Topics: Emerging Media, College of Communication Information and Media
February 21, 2008
Blackboard Inc., a leading provider of enterprise technology for the education industry, announced Ball State University's Institute for Digital Intermedia Arts and Animation
(IDIAA) as the winner of the company's first $25,000 Blackboard Greenhouse Grant for Virtual Worlds for its Cinema Arts Project.
By leveraging the interactive technology of Second Life with the Blackboard course management system, Ball State's program will extend instruction to an e-learning community that will provide a hands-on learning environment exploring digital cinematography using virtualized studio and laboratory equipment.
The grant was developed to foster and promote the integration of virtual worlds into everyday teaching and learning, said Craig Chanoff, Blackboard's senior vice president of client success.
"We wanted to encourage and support our clients who are constantly creating innovative learning environments for their students and the global e-Learning community," he said. "Programs such as Ball State's cutting-edge cinema arts course will offer unique educational opportunities for student engagement and skill development in Blackboard's secure learning environment."
Ball State's IDIAA Cinema Arts Project will combine Blackboard's course management tools, particularly the adaptive release feature, to automate and control access to virtual facilities in Second Life. By combining virtualized equipment and lab capacities with access control, students will have an exploratory learning environment with enough structure to make the Second Life experience comfortable and productive.
"Blackboard and Second Life will provide learning environments to a remote distance education audience and leverage our success in real world new media arts into virtual worlds," said John Fillwalk, director of IDIAA and associate professor of electronic art. "While our students will be the initial benefactors of our cinematography class, the technology that bridges the gap between Second Life and Blackboard will be available to the Blackboard community so other schools will be able to create and deliver their own immersive learning environments."
Through the use of adaptive release, Ball State professors will be able to control, monitor and create assignments according to their evolving student assessment and criteria. The IDIAA Cinema Arts Project will use the Second Life platform to provide students with specific studios within the learning environment through the use of the project's Holodeck tool.
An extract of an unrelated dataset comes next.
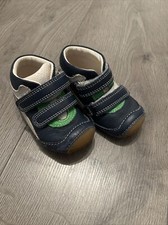 Elefanten Lauflernschuhe, Leder, Gr. 21, Weite Mittel, blau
The projects virtualized equipment is designed to mimic real-world functionality in great detail and allow students to make virtual movies within Second Life.
Additionally, a student union, a large studio and a lounge area in Second Life will provide arenas for students to discuss course issues with peers and faculty and present their artifacts.
The IDIAA Cinema Arts Project was chosen by a panel of academics currently using virtual worlds to improve online learning, including William Brinkman, assistant professor of computer science and systems analysis at Miami University; Bill Moseley, adjunct professor of computer science at Pepperdine University and Bakersfield College; and Theodore Ubhaus, information systems manager at Berkeley College.
"The Blackboard committee selected Ball State University's proposal out of a large and diverse pool of competing submissions because it demonstrated a complete understanding of a virtual world environment," said John Fontaine, senior director of Blackboard's engineering services.